--- START ---

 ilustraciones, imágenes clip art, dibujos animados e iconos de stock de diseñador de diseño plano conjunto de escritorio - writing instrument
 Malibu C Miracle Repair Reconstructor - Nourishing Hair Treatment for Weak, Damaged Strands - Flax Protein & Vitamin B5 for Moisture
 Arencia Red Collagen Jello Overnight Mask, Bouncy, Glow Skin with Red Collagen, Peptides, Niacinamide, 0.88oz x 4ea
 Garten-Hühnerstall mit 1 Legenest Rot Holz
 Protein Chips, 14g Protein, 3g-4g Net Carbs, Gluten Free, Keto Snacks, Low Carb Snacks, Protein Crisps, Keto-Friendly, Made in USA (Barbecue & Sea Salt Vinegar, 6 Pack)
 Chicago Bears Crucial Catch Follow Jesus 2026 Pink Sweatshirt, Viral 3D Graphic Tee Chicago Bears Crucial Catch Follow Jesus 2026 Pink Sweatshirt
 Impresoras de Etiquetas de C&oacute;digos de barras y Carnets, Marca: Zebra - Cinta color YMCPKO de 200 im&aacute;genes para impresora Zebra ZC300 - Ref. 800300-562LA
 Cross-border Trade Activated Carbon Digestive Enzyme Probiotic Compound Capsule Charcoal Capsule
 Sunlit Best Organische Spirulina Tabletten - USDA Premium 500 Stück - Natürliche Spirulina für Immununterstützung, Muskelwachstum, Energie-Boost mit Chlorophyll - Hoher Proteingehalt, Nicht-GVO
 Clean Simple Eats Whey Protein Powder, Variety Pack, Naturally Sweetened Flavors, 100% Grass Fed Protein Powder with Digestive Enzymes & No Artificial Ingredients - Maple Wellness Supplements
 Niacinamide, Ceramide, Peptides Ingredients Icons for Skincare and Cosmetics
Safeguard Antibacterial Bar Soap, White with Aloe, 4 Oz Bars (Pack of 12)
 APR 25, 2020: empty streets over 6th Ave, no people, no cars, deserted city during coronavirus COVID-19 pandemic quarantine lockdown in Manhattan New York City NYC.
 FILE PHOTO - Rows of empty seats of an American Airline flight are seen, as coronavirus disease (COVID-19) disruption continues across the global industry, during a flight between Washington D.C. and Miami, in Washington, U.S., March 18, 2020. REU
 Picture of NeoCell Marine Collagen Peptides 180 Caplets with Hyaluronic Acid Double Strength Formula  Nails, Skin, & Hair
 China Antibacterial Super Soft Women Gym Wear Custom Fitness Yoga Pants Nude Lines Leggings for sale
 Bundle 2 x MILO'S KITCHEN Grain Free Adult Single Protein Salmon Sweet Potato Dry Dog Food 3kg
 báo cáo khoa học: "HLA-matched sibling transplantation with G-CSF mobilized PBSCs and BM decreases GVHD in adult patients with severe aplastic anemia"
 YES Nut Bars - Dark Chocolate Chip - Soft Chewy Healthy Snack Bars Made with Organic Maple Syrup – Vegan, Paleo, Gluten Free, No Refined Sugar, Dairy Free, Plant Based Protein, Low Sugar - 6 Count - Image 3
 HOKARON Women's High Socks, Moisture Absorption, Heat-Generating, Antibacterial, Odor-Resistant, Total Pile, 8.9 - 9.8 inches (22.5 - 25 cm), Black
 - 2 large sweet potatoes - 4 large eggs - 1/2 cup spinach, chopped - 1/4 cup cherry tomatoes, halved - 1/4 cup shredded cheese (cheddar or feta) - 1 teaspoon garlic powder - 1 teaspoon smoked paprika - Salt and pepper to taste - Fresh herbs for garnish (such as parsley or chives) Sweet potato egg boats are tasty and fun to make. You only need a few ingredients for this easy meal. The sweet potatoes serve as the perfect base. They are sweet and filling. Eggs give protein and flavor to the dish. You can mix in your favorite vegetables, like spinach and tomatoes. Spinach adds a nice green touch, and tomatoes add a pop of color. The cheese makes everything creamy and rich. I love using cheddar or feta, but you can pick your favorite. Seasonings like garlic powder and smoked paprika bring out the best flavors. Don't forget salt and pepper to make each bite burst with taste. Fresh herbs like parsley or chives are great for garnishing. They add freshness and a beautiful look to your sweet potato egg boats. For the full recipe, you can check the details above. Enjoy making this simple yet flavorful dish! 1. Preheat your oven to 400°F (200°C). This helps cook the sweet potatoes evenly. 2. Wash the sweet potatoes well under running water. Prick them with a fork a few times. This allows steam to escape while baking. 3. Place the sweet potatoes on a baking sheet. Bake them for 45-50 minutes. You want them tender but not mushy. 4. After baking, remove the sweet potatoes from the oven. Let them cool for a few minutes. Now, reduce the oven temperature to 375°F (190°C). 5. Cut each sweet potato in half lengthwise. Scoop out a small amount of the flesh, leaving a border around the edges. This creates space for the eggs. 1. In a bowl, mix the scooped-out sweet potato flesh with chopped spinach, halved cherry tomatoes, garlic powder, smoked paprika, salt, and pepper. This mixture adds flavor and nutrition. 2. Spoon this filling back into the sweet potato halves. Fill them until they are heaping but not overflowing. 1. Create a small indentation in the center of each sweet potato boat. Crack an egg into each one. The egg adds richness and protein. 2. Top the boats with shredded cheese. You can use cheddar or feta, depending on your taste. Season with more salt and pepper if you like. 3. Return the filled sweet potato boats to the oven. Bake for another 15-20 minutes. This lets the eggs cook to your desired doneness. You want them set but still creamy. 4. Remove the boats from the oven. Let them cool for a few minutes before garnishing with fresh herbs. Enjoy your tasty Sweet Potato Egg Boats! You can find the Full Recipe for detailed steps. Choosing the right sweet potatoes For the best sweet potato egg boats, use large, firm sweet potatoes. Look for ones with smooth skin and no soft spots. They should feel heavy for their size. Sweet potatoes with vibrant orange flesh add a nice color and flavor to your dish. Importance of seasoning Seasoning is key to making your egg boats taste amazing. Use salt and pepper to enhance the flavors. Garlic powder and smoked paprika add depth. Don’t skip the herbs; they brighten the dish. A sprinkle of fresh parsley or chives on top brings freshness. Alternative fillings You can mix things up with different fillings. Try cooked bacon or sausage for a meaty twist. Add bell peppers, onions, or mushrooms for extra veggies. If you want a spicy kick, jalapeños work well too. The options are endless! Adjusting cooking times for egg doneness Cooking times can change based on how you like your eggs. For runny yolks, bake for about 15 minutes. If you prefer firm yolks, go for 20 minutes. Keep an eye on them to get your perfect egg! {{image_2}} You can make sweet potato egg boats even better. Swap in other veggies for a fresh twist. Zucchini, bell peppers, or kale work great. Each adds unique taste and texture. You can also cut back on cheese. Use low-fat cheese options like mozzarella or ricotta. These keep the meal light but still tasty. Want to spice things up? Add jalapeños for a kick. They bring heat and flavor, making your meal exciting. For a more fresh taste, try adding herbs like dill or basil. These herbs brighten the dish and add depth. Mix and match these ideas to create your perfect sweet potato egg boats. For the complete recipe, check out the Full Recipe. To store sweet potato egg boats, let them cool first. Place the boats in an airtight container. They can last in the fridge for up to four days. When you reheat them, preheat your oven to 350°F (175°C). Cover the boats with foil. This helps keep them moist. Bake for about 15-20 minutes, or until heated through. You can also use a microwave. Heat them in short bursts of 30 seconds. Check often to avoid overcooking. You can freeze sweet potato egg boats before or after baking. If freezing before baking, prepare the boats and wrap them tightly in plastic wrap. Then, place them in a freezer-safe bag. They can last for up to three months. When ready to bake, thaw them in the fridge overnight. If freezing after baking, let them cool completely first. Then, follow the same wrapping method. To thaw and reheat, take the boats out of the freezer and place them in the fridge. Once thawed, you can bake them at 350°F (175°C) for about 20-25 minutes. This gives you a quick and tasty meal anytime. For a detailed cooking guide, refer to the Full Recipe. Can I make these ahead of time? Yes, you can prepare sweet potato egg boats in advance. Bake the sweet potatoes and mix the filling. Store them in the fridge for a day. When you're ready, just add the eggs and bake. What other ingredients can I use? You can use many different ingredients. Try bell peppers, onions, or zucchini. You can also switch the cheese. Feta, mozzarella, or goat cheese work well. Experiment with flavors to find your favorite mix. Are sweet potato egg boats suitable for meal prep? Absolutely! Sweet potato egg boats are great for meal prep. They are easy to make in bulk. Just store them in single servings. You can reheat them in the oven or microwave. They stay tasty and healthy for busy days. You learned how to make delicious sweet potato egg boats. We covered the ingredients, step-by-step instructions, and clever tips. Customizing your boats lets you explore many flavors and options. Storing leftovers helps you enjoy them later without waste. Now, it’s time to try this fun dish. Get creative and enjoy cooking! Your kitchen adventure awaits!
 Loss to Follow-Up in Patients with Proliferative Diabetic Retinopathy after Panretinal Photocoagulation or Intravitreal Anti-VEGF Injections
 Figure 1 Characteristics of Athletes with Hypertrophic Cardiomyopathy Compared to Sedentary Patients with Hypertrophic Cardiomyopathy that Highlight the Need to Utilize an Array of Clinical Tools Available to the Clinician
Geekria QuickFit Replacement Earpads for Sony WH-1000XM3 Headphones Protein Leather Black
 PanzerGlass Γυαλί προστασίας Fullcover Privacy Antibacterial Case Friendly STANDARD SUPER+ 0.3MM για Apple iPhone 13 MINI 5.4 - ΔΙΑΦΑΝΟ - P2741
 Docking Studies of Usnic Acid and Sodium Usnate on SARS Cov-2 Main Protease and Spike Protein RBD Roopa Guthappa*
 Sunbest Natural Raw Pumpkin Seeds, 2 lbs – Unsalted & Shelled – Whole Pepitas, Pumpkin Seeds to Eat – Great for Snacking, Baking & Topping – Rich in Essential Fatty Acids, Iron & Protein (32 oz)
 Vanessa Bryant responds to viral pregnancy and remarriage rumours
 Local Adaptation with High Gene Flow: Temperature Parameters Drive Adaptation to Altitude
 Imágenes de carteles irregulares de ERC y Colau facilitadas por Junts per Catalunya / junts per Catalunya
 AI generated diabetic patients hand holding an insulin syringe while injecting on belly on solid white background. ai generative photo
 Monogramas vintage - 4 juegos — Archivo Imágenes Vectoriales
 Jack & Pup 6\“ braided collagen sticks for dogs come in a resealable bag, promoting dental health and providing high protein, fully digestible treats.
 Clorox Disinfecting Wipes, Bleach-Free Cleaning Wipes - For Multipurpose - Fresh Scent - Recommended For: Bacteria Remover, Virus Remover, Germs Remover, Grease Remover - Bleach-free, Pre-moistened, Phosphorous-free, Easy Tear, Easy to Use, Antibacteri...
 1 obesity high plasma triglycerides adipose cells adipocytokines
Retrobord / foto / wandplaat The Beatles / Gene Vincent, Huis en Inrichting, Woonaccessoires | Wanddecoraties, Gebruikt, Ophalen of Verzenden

--- END ---

# WHAT THIS TASK INVOLVES
Retype only the lines running from the top of the listing to the line that holds "APR 25, 2020: empty", both ends included.

# PROBLEM SOLUTION
 ilustraciones, imágenes clip art, dibujos animados e iconos de stock de diseñador de diseño plano conjunto de escritorio - writing instrument
 Malibu C Miracle Repair Reconstructor - Nourishing Hair Treatment for Weak, Damaged Strands - Flax Protein & Vitamin B5 for Moisture
 Arencia Red Collagen Jello Overnight Mask, Bouncy, Glow Skin with Red Collagen, Peptides, Niacinamide, 0.88oz x 4ea
 Garten-Hühnerstall mit 1 Legenest Rot Holz
 Protein Chips, 14g Protein, 3g-4g Net Carbs, Gluten Free, Keto Snacks, Low Carb Snacks, Protein Crisps, Keto-Friendly, Made in USA (Barbecue & Sea Salt Vinegar, 6 Pack)
 Chicago Bears Crucial Catch Follow Jesus 2026 Pink Sweatshirt, Viral 3D Graphic Tee Chicago Bears Crucial Catch Follow Jesus 2026 Pink Sweatshirt
 Impresoras de Etiquetas de C&oacute;digos de barras y Carnets, Marca: Zebra - Cinta color YMCPKO de 200 im&aacute;genes para impresora Zebra ZC300 - Ref. 800300-562LA
 Cross-border Trade Activated Carbon Digestive Enzyme Probiotic Compound Capsule Charcoal Capsule
 Sunlit Best Organische Spirulina Tabletten - USDA Premium 500 Stück - Natürliche Spirulina für Immununterstützung, Muskelwachstum, Energie-Boost mit Chlorophyll - Hoher Proteingehalt, Nicht-GVO
 Clean Simple Eats Whey Protein Powder, Variety Pack, Naturally Sweetened Flavors, 100% Grass Fed Protein Powder with Digestive Enzymes & No Artificial Ingredients - Maple Wellness Supplements
 Niacinamide, Ceramide, Peptides Ingredients Icons for Skincare and Cosmetics
Safeguard Antibacterial Bar Soap, White with Aloe, 4 Oz Bars (Pack of 12)
 APR 25, 2020: empty streets over 6th Ave, no people, no cars, deserted city during coronavirus COVID-19 pandemic quarantine lockdown in Manhattan New York City NYC.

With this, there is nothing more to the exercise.